◆ Brief: The output should contain the listing word for word and no pictures.

◆ Data section:
——

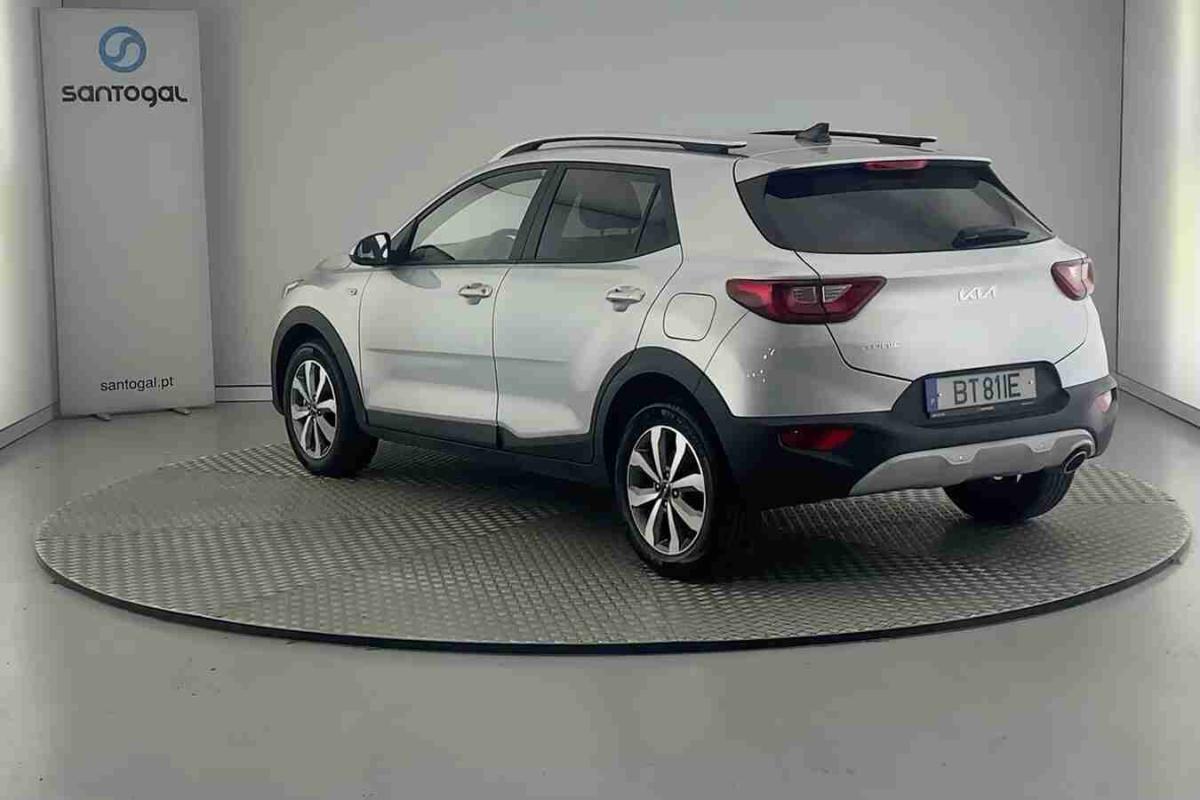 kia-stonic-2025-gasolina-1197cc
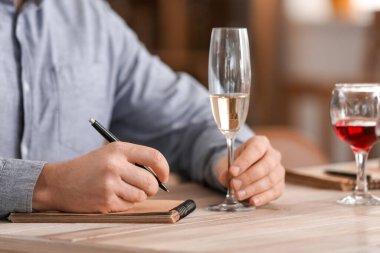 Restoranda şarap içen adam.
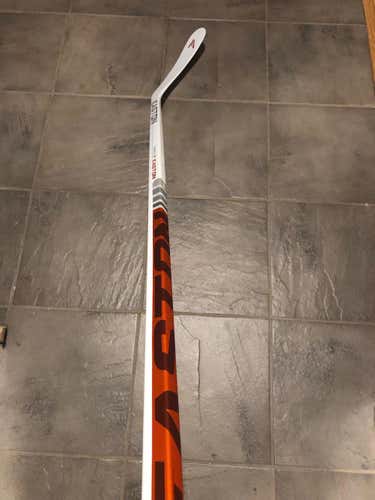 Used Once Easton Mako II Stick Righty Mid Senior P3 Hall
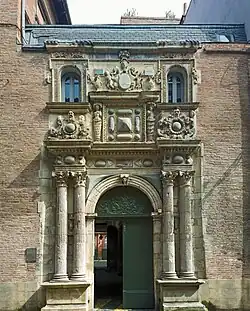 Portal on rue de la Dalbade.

——

◆ Result of this exercise:
 kia-stonic-2025-gasolina-1197cc
 Restoranda şarap içen adam.
 Used Once Easton Mako II Stick Righty Mid Senior P3 Hall
 Portal on rue de la Dalbade.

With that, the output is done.